Find the height of a cuboid whose volume is $275 \mathrm{~cm}^3$ and base area is $25 \mathrm{~cm}^2$.
Solution:
$
\begin{aligned}
\text { Volume of a cuboid } & =\text { Base area } \times \text { Height } \\
\text { Hence height of the cuboid } & =\frac{\text { Volume of cuboid }}{\text { Base area }} \\
& =\frac{275}{25}=11 \mathrm{~cm}
\end{aligned}
$

Height of the cuboid is $11 \mathrm{~cm}$.
Example 9:

Agodown is in the form of a cuboid of measures $60 \mathrm{~m} \times 40 \mathrm{~m} \times 30 \mathrm{~m}$. How many cuboidal boxes can be stored in it if the volume of one box is $0.8 \mathrm{~m}^3$ ?
Solution:

$\quad$ Volume of one box $=0.8 \mathrm{~m}^3$
Volume of godown $=60 \times 40 \times 30=72000 \mathrm{~m}^3$
$
\begin{aligned}
\text { Number of boxes that can be stored in the godown } & =\frac{\text { Volume of the godown }}{\text { Volume of one box }} \\
& =\frac{60 \times 40 \times 30}{0.8}=90,000
\end{aligned}
$

Hence the number of cuboidal boxes that can be stored in the godown is 90,000 .
Example 10:

Arectangular paper of width $14 \mathrm{~cm}$ is rolled along its width and a cylinder of radius $20 \mathrm{~cm}$ is formed.
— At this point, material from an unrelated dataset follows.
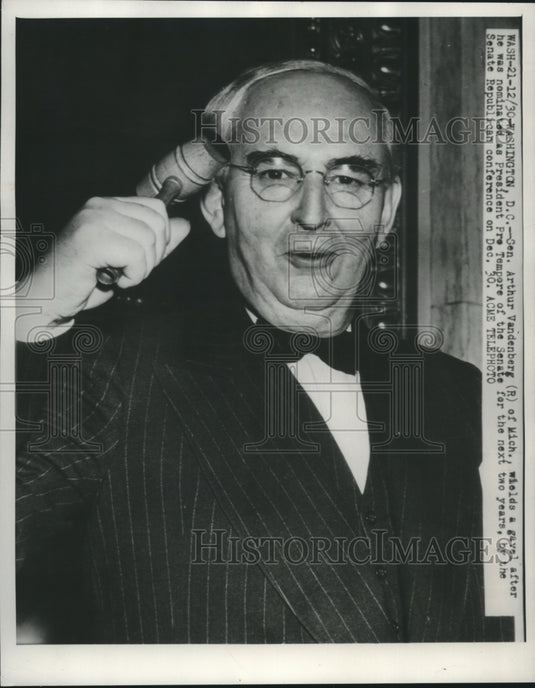 1946 Press Photo General Arthur Vandenberg of Michigan wields gavel in D.C. - Historic Images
Find the volume of the cylinder (Fig 9.31). (Take $\frac{22}{7}$ for $\pi$ )
Solution:

Acylinder is formed by rolling a rectangle about its width. Hence the width of the paper becomes height and radius of the cylinder is $20 \mathrm{~cm}$.

$\begin{aligned}
\text { Height of the cylinder } & =h=14 \mathrm{~cm} \\
\text { Radius } & =r=20 \mathrm{~cm}
\end{aligned}$

$
\begin{aligned}
\text { Volume of the cylinder } & =\mathrm{V}=\pi r^2 h \\
& =\frac{22}{7} \times 20 \times 20 \times 14=17600 \mathrm{~cm}^3
\end{aligned}
$

Hence, the volume of the cylinder is $17600 \mathrm{~cm}^3$.
Example 11:

A rectangular piece of paper $11 \mathrm{~cm} \times 4 \mathrm{~cm}$ is folded without overlapping to make a cylinder of height $4 \mathrm{~cm}$. Find the volume of the cylinder.

Solution:

Length of the paper becomes the perimeter of the base of the cylinder and width becomes height.
Let radius of the cylinder $=r$ and height $=h$
Perimeter of the base of the cylinder $=2 \pi r=11$
or
$
2 \times \frac{22}{7} \times r=11
$

Therefore,
$
\begin{aligned}
r & =\frac{7}{4} \mathrm{~cm} \\
\text { Volume of the cylinder } & =\mathrm{V}=\pi r^2 h \\
& =\frac{22}{7} \times \frac{7}{4} \times \frac{7}{4} \times 4 \mathrm{~cm}^3=38.5 \mathrm{~cm}^3 .
\end{aligned}
$

Hence the volume of the cylinder is $38.5 \mathrm{~cm}^3$.